January has never been my favorite month, and today is a day that I wish I still lived in Hawaii. Yes, I still have those days where I very much miss Honolulu, and think maybe I should buy a one way ticket, get on a plane, and move back. East coat winter months are the hardest months to get through. The 30 degree temperatures, snow, ice, and frigid cold make me wonder, why did I move back east again? My insides are screaming for a beach! I need an outdoor run near an ocean in my life! I remember a period of my time living in Hawaii becoming spoiled that it was 80 degrees everyday, and since the sun was shining bright I never had an excuse to just stay home and sleep. Stupid me, look at me know missing those days. Ok I’m done ranting.

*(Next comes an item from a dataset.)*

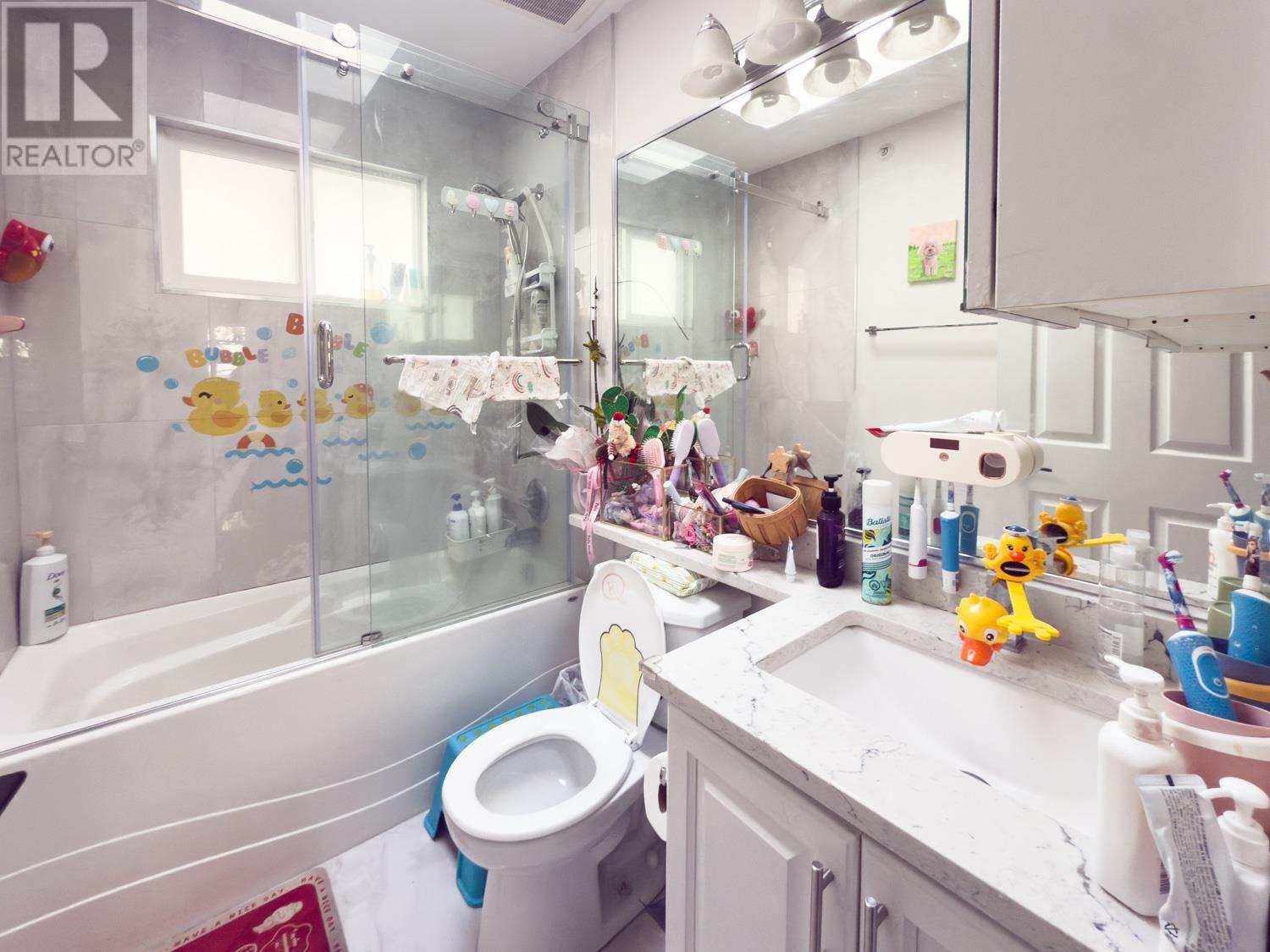 Listing Picture 11 of 13 : 7798 PRINCE ALBERT STREET, Vancouver / 溫哥華 - 魯藝地產 Yvonne Lu Group - MLS Medallion Club Member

So even though this is my second winter back on the east coast I am still adjusting. I know I grew up in New York so I should be used to being cold, but let me tell you the truth, no I am not used to being cold. I live for activity, Hawaii gave me a love for the outdoors, my challenge now has become finding a way to take that love for the outdoors and translate it to east coast winter love for the outdoors. I run. Last winter I wasn’t able to run due to my broken leg incident. How do I run in the winter? I am looking for tips from all you winter active people out there. What kind of gear do you use to make winter running or hiking feasible? I need to go back to what I know, running, hiking, and an ocean. But since its not ocean weather yet, running and hiking will do for now.

Anyone know any really great east coast hiking trails? Please share the wealth of information about east coast outdoor activities. I feel like my next adventure should be a rock climbing adventure, but I will wait for warmer weather before hitting the rocks.

Until the weather warms up, I must continue to find my love for activity indoors. The positive side is that it is nice to go to a bikram yoga class and come outside to cool air instead of 80 degrees. And the more I go to bikram and cross fit, the more I realize that both my favorite workouts have somewhat of a cult like following. It’s ironic because as a person who is so unstructured in life, I find excitement in workouts that follow the most structured routine possible.

Every day is a challenge, but everyday is one step closer to something better. So east coast winter weather I am here to embrace your frigid air and snow storms, while running in the cold. My next challenge is to find the best winter outdoor active wear, any tips?